→ EXERCISE MATERIAL
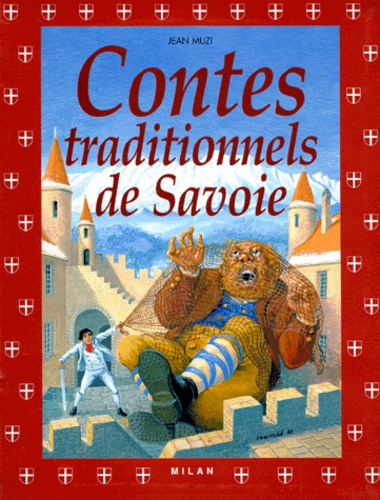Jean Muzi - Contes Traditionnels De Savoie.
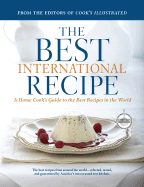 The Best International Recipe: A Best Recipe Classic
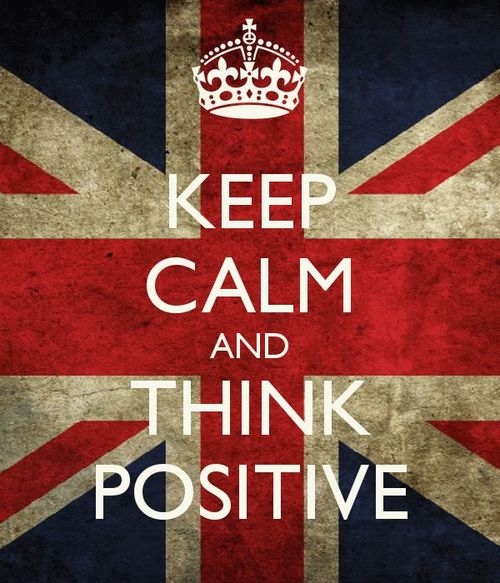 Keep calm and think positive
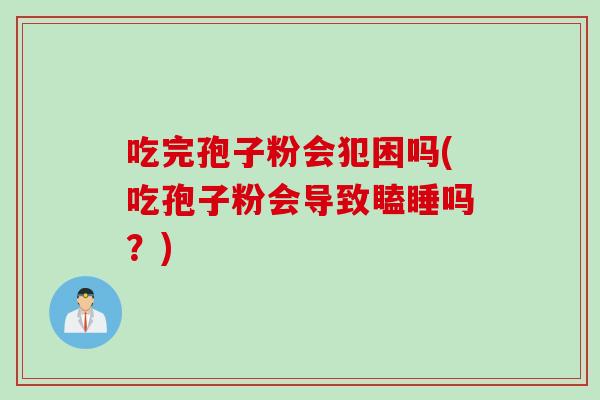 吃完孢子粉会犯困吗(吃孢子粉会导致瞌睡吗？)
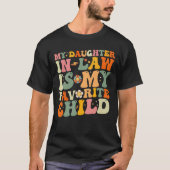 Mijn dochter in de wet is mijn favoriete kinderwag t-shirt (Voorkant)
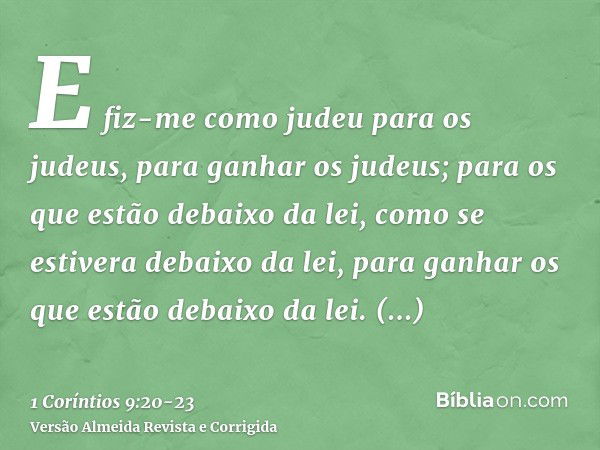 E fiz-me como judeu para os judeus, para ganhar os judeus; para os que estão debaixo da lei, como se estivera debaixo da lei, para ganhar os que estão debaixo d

→ ACTIVITY
With the images removed, reproduce all the material above word for word.

→ EXPECTED ANSWER
Jean Muzi - Contes Traditionnels De Savoie.
 The Best International Recipe: A Best Recipe Classic
 Keep calm and think positive
 吃完孢子粉会犯困吗(吃孢子粉会导致瞌睡吗？)
 Mijn dochter in de wet is mijn favoriete kinderwag t-shirt (Voorkant)
 E fiz-me como judeu para os judeus, para ganhar os judeus; para os que estão debaixo da lei, como se estivera debaixo da lei, para ganhar os que estão debaixo d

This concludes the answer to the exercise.